Capcom's cheapness aside, no corners were cut when it comes to gameplay. Mega Man games have always been known for tight controls, and given the precise platforming and shooting sequences you see in this series, this is the area that Capcom didn't need to fix anything that wasn't broke. Navi mode adds a few improvements, specifically a rapid fire button, shoulder button weapon-swapping and a slide button (in Mega Mans 3-6), that reduce the annoyances inherent in a 2-button control scheme. If there was one area Capcom could not afford to screw up, it was the gameplay, and I'm glad to say they got it right.

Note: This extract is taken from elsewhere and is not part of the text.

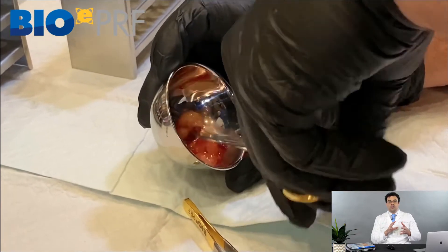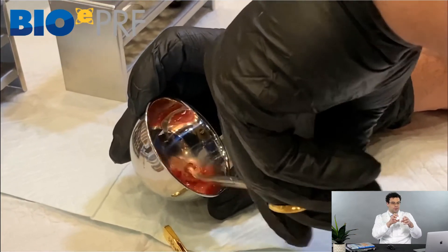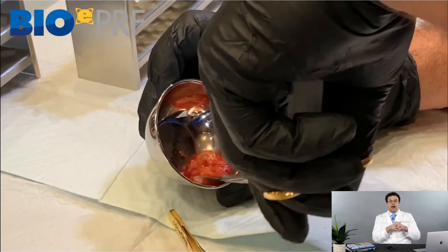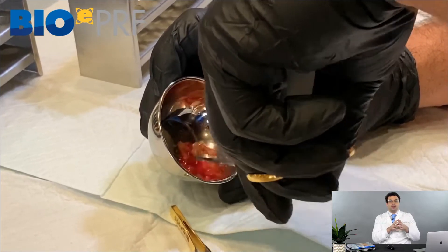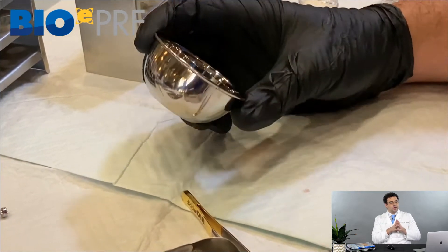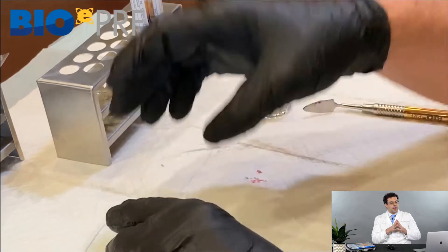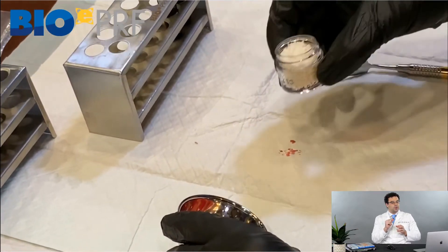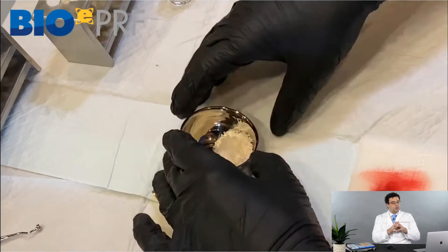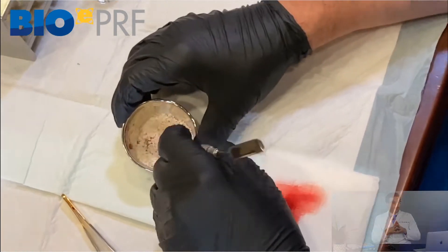The reason is that when fibrinogen and thrombin convert into fibrin, if there are already little fibrin fragments present, future fibrin can clot from the fibrin that's already formed. So this acts like a little nucleus. If I make it, cut it up this way, and then introduce the bone grafting material, I have all of these little bone grafting particles that are going to be coated and surrounded with the PRF fragments.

As for the games themselves, a true Mega-phile will want to play through every game, because they pretty much all have their moments of brilliant design and/or challenge. For the deprived souls who have never experienced the greatness that is Mega Man, here are the Cliff's Notes:

(If anyone is upset about story spoilers, please punch yourself in the face. Every game here is at least 8-9 years old, and if a deep storyline is what you want, go a) play final fantasy VII and b) cry yourself to sleep.)

MM1: The first Mega Man, and the one time was cruelest to. The controls are familiar, but the gameplay lacks the variety of later installments, and the game is marred by some wacky physics (Mega Man falls faster than in any other episode). The Wily stage will make you rip your hair out, since you can't continue, and must beat all robot masters and Wily consecutively with minimal power up assistance. Thank god for save system and the glitch where pressing select increases weapon damage, or this game would be damn near unplayable. If there's one game in the MMAC to skip, this is it.

MM2: The first great Mega Man game, and probably the most well-known. Not as deep as later titles, this game is still a must-play because of creative robot masters and weapons, fair-yet-tough platforming sequences and one of the best 8-bit soundtracks of all-time. The addition of life-replenishing E-tanks make the difficulty much fairer than in MM1. Above all, this has the best Wily stage in the entire series - every boss is a memorable challenge, and the Dr. Wily fight is the most creative in the series to boot.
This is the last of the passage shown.